After a dismal-at-times summer of training camp practices and poor preseason play, the Patriots now have less than a week to get ready for the regular season opener Sunday afternoon in what will be a hot and muggy Miami against an upstart, hope-filled Dolphins squad.
Ready or not, the games now count. Each week will end with a winner. And a loser with a capital L.
But don’t worry too much Patriot Nation, because Bill Belichick himself doesn’t seem to be worrying the summer away. Mr. Do Your Job -- whose only bottom-line, production-based job is to win football games for boss Robert Kraft’s team – is taking a wait-and-see approach to his new roster heading into a new season.
Belichick has spent weeks seemingly lowering expectations. All summer has been about the “process,” particularly for his new-look offense under the direction of curious coaching choices Matt Patricia and Joe Judge. Second-year quarterback Mac Jones has picked up the company line and run with it more often than he had to frustratingly scramble away a bad pass play on the practice field. Jones keeps softly chastising media members that focus too much on things like a successful play or scoring points, “results” that aren’t the “process.”
Recently Belichick has, on multiple occasions, emphasized the unknown nature of his team, one that won’t come into clarity until well into leaf-raking season and beyond.
“I don't think you really know where your team is until you get to about midseason, mid-October. Play five, six, seven games, match up against some different teams, see for real what your strengths and weaknesses are, and your opponents as well,” Belichick said this week, pushing off an early evaluations.
“To really be in real game condition probably takes through the month of September and maybe into October,” Belichick said.
The coach even acknowledged the idea that many a Patriots’ fan and media defender has espoused in recent seasons when the team gets off to a slow September start like its 1-3 opening efforts last fall.

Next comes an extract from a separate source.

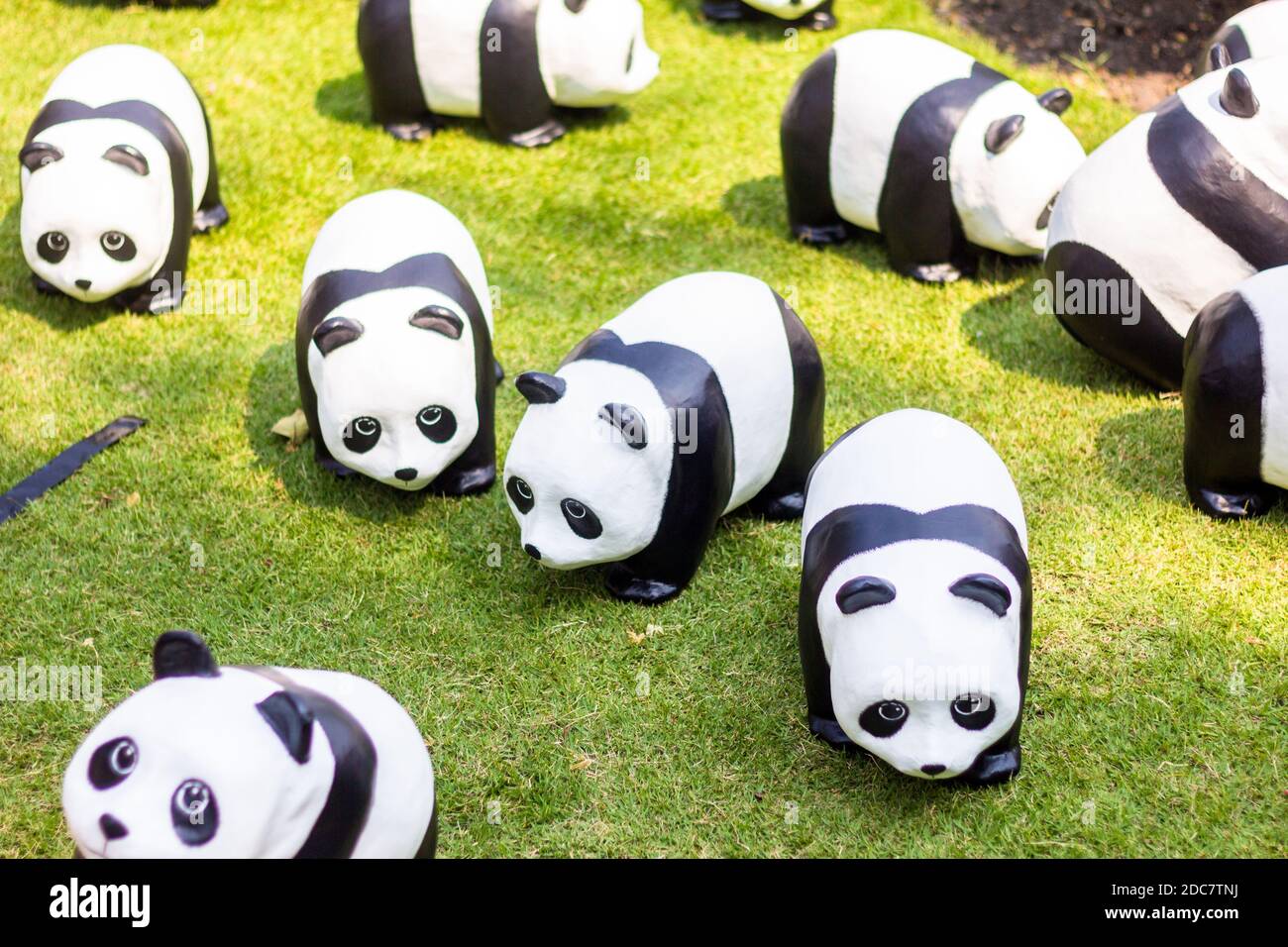 Les Pandas 1600 par l'artiste Paulo Grangeon au parc Santi Chai Prakan à Bangkok, Thaïlande Banque D'Images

“I've heard a lot of people comment on it. September is an extension of the preseason, building your team, developing your team. I think there's some truth to that,” Belichick said before getting to the actual meat of the early season matter. “But games start now, so it's important to be competitive early. I think we saw some of that last year. But we see it every year, but certainly saw it last year.”
Even though New England took advantage of a soft midseason schedule a year ago to win seven games in a row on the way to a return to the postseason, the Patriots could have been in much different position last January had they not given away very much winnable games against the Dolphins, Saints and Bucs in the first four weeks.
This year’s schedule may be even less forgiving and more dependent on winning the most winnable games when they present themselves, even the ones in the “extension of the preseason.”
The first two weeks of the season come against opponents who might just be on a similar level as New England. The Dolphins are an unknown under first-year coach Mike McDaniel, but certainly hope to be in Wild Card contention with the Patriots behind the big boy Bills in the AFC East.
Meanwhile Week 2’s trip to Pittsburgh faces a Steelers team in a similar transition as the Patriots. They were a borderline playoff team a year ago and are figuring out their quarterback situation but have never had a losing season under Mike Tomlin.
If the Patriots can find a way to steal the first two games of the year on the road, it certainly doesn’t mean they are Super Bowl- or even playoff-bound. There will be a long season with lots of difficult games ahead.
But if New England stumbles out of the “extension of the preseason” gates the way it did in the actual preseason and on the practice field this summer, well the season will seem even longer. Because 0-2 could easily turn into 0-4 against the Ravens and Packers.
That would mean the “soft” middle portion of the schedule – the Lions, Browns, Bears and Jets (twice) – would be spent trying to play catchup, attempting to get back to .500 in an AFC race that appears to be as crowed with talented teams as ever.
Maybe Belichick is right. Maybe we won’t know if the 2022 Patriots are a good football team until midseason, sometime around Halloween.
But we might just know if they are a bad football team in the first two weeks of labor in Miami and Pittsburgh. Because if New England loses those two games, well, there’s a real good chance the season is just about over before it even really gets going. Banking on banking late-season wins against the Bills (twice), Bengals, Raiders and Vikings is anything but a palatable Patriots plan.
Belichick may be taking a wait-and-see approach, but it seems like we won’t have to wait too long to see what the Patriots are, because the idea of seeing New England hit its stride in November and play its best football down the post-Thanksgiving stretch into the playoffs is an outdated dream of a dynasty past.
These Patriots, in this season, with this schedule need to win now or it won’t really matter later even if they round into the midseason form their coach may optimistically envision.